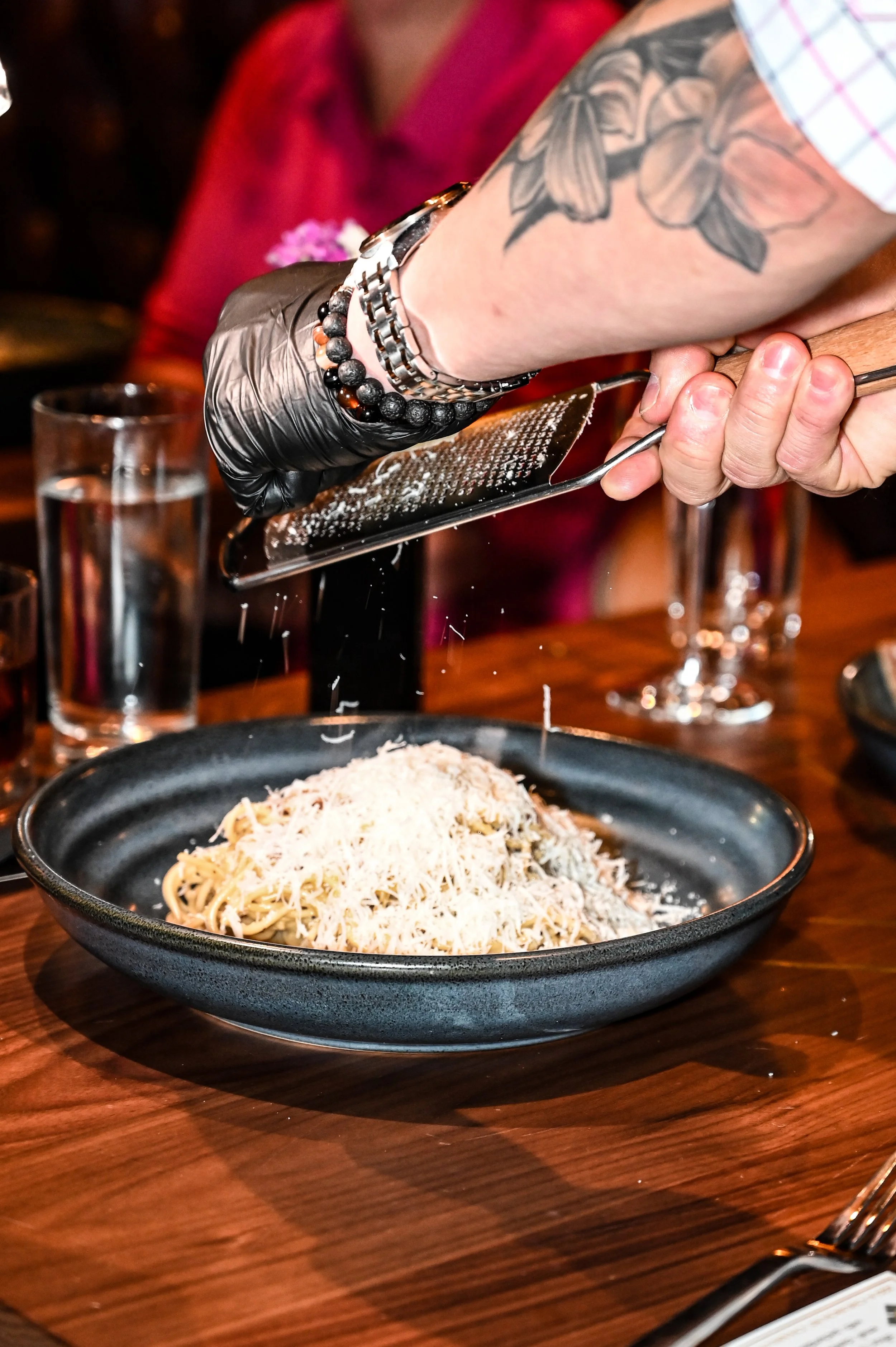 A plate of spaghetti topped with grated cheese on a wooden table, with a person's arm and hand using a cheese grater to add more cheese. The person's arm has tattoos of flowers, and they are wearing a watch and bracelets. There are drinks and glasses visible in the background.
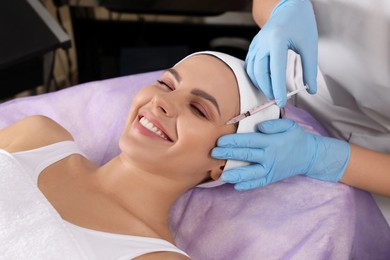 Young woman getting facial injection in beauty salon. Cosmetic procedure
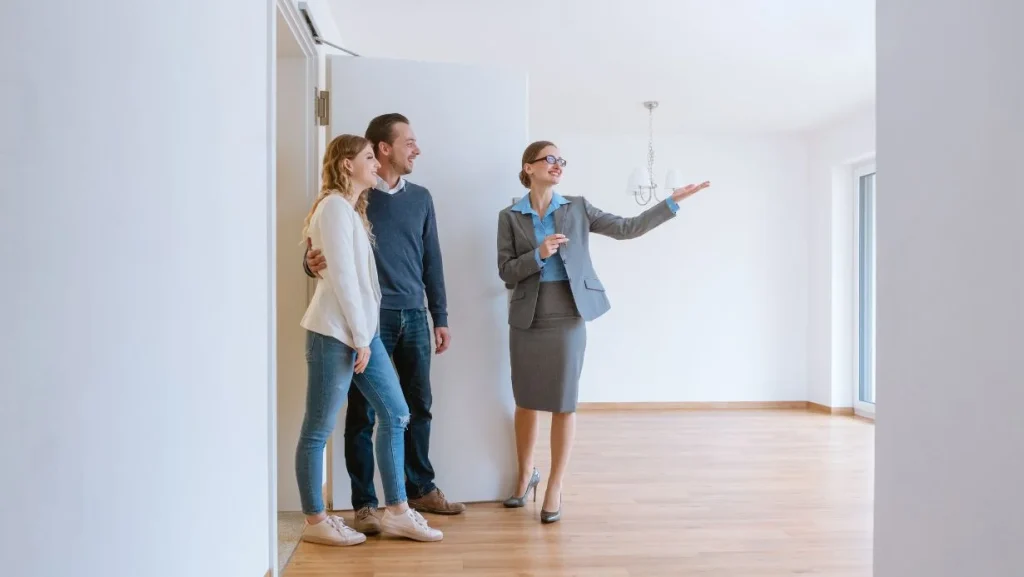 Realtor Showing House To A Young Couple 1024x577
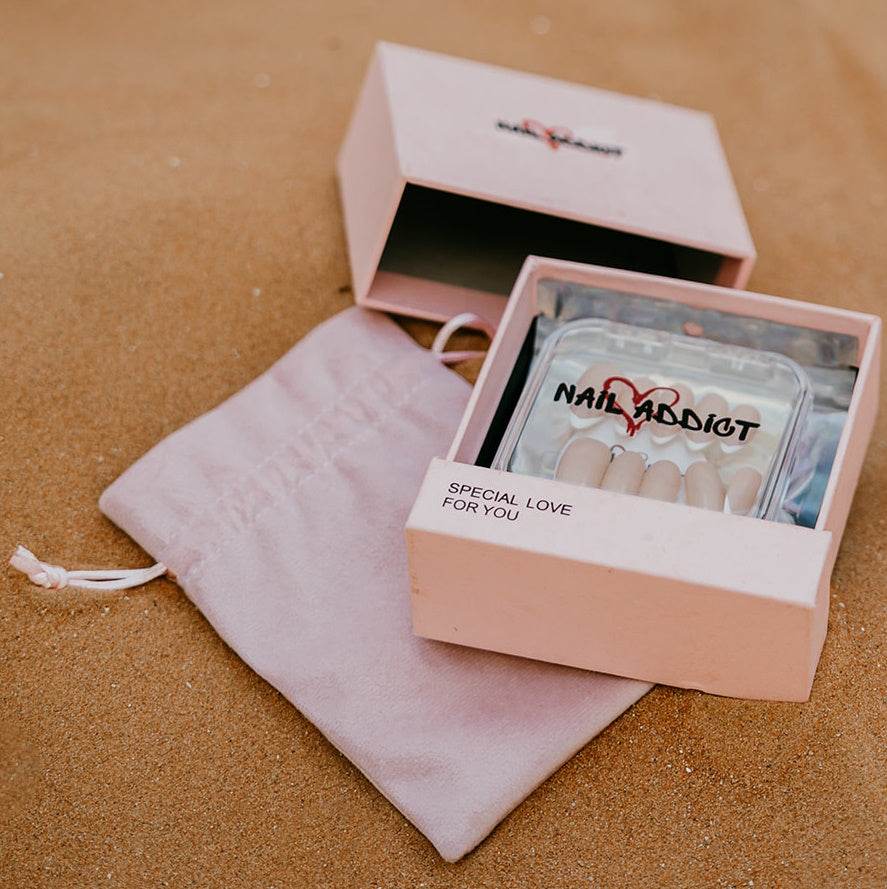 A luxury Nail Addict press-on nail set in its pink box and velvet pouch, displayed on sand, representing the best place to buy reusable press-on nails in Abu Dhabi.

What you will do: Omitting the pictures, write out the material above exactly as it stands.

Solution to the problem:
 A plate of spaghetti topped with grated cheese on a wooden table, with a person's arm and hand using a cheese grater to add more cheese. The person's arm has tattoos of flowers, and they are wearing a watch and bracelets. There are drinks and glasses visible in the background.
 Young woman getting facial injection in beauty salon. Cosmetic procedure
 Realtor Showing House To A Young Couple 1024x577
 A luxury Nail Addict press-on nail set in its pink box and velvet pouch, displayed on sand, representing the best place to buy reusable press-on nails in Abu Dhabi.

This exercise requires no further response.